SamCG has asked for the wisdom of the Perl Monks concerning the following question:

Dear monks,

I have a fairly simply loop of the type
open FILE, $_; while(<FIL>){ my @row = split "\t"; print @row; ...}
which has suddenly gone horribly wrong. Instead of separating my data into nice neat little array, like

@row = qw(This is tab data)

It started hacking the heck out of it!

@row = qw(T h i s i s t a b d a t a)

Looking at the file that comes to me suggests that it's unicode, and that my split is for some reason failing to see any tabs in the data. I'd really like to use the file and process it automatically, rather than having to resave it as a normal tab-delimited file. Surely someone knows how to work around this issue, and split these files in some relatively straightforward manner?

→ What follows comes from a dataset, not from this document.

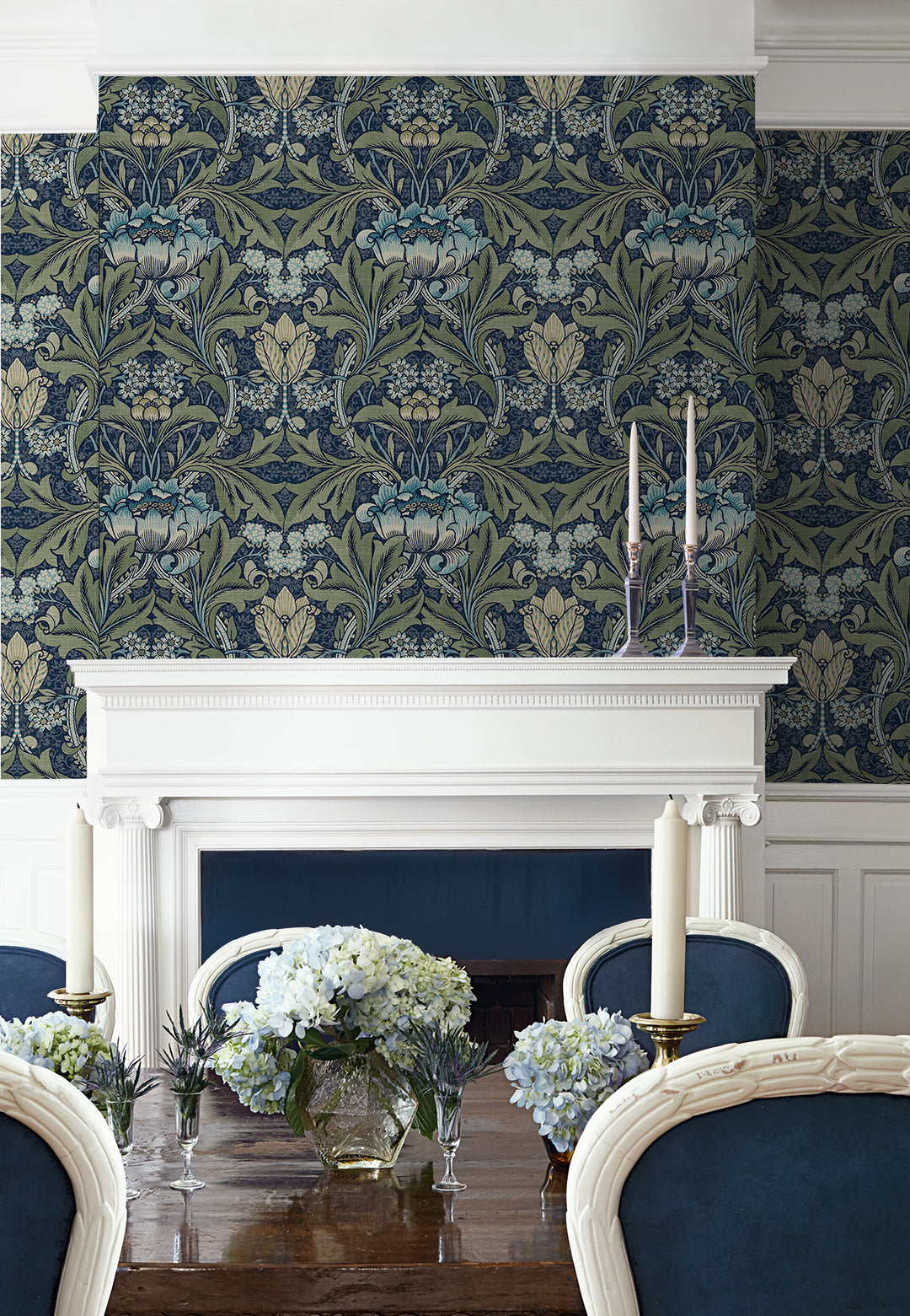 Peel & Stick Wallpapers: Acanthus Floral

Replies are listed 'Best First'.
Re: Recognizing tabs in unicode files
by Celada (Monk) on Dec 08, 2005 at 23:14 UTC

    When you say Unicode, what encoding do you mean? The most popular and convenient Unicode encoding, UTF-8, and the one Perl likes to use, should be robust against this. Since you are testing for an ASCII character, even if there is non ASCII Unicode data in UTF-8, it would ne passed right through.

    If you are dealing with another character encoding altogether, you should use a PerlIO layer to tell Perl what character encoding the data coming in are in.

    # If your data are in the UTF-32, which is not ASCII compatible at all +! binmode FILE, ":encoding(UTF-32)";
Re: Recognizing tabs in unicode files
by BorgCopyeditor (Friar) on Dec 08, 2005 at 23:28 UTC
    One space between each character suggests UTF-16 being treated as ASCII. As the above poster recommends, you might try a different file mode.

    BCE
    --Your punctuation skills are insufficient!

Re: Recognizing tabs in unicode files
by SamCG (Hermit) on Dec 08, 2005 at 23:40 UTC
    binmode FILE, ":encoding(UTF-16)" Works great! Thanks!